SOURCE MATERIAL: Begin
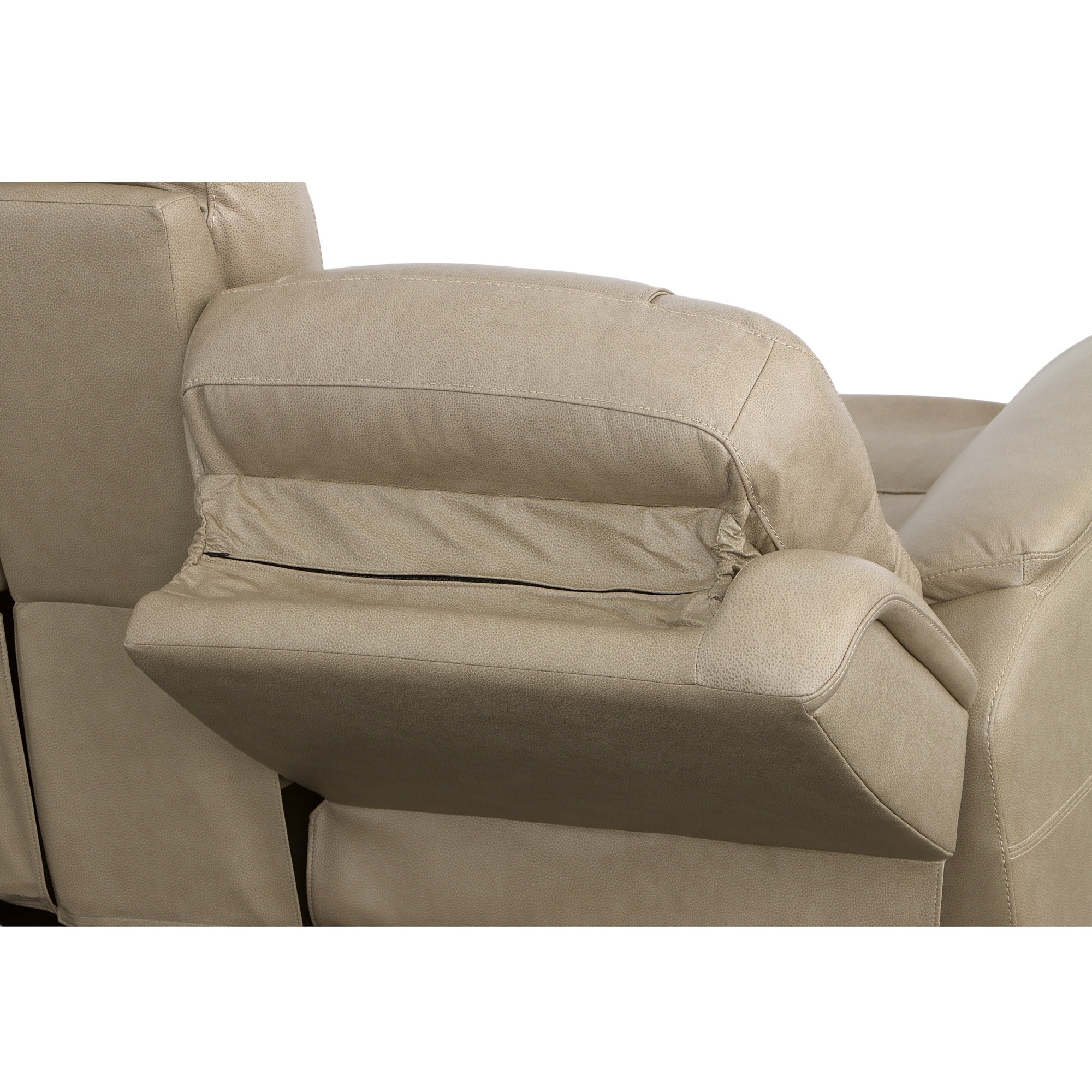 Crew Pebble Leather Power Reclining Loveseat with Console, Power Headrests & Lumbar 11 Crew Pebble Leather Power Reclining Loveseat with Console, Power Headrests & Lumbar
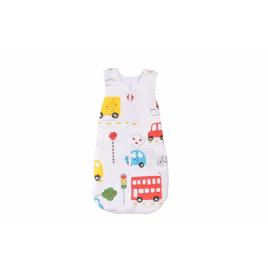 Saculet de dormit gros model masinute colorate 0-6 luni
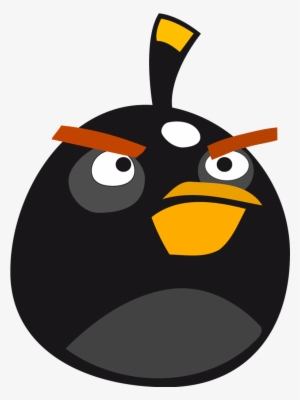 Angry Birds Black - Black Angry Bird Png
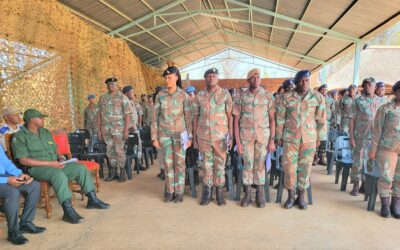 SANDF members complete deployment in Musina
SOURCE MATERIAL: End
SOURCE MATERIAL: Begin
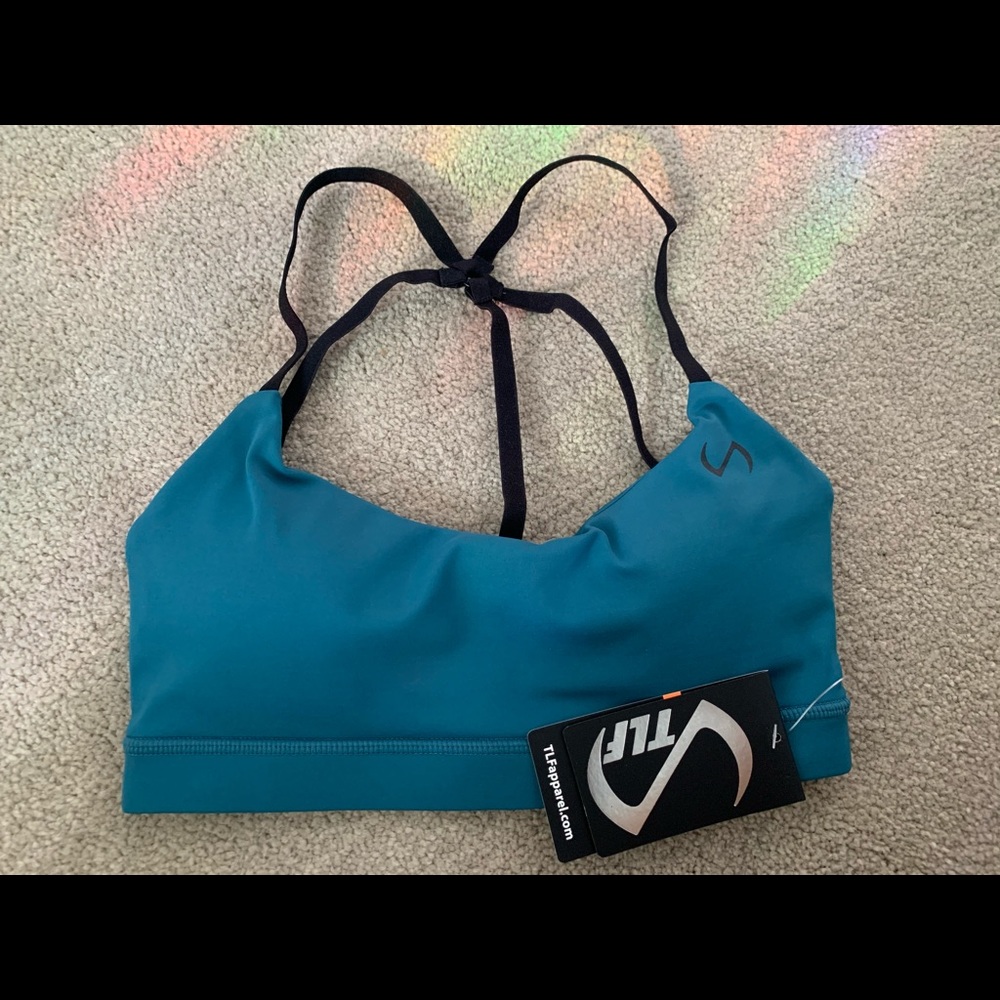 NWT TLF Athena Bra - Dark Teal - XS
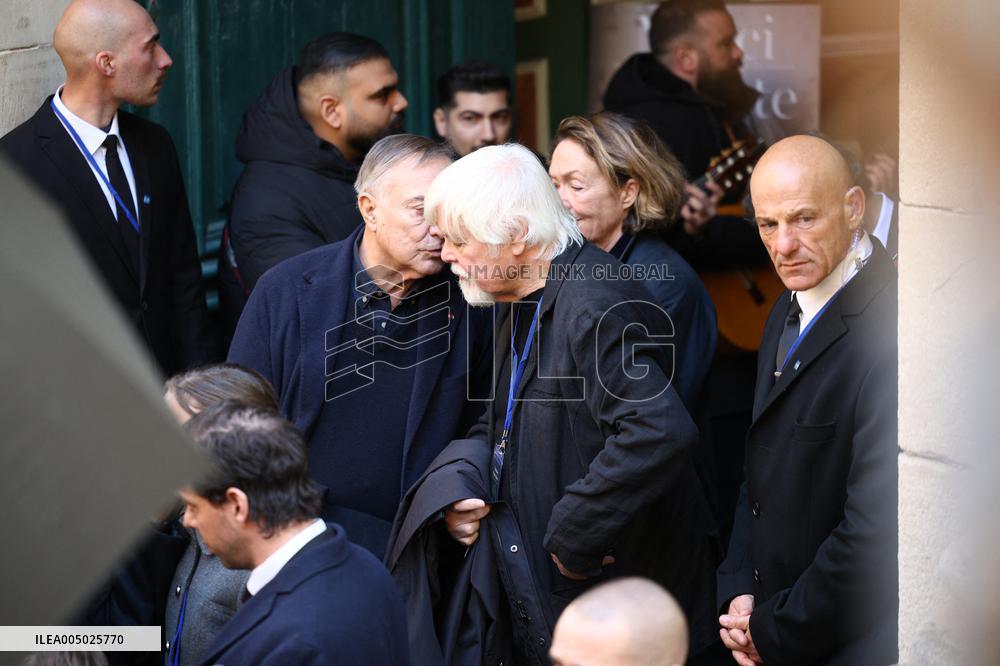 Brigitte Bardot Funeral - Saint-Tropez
SOURCE MATERIAL: End
= ASSIGNED TASK =
Copy nothing but the lines above from the one with "Lumbar 11 Crew" to the one with "SANDF members complete deployment in Musina", inclusive, word for word. Leave every picture out.

= ANSWER BOX =
 Crew Pebble Leather Power Reclining Loveseat with Console, Power Headrests & Lumbar 11 Crew Pebble Leather Power Reclining Loveseat with Console, Power Headrests & Lumbar
 Saculet de dormit gros model masinute colorate 0-6 luni
 Angry Birds Black - Black Angry Bird Png
 SANDF members complete deployment in Musina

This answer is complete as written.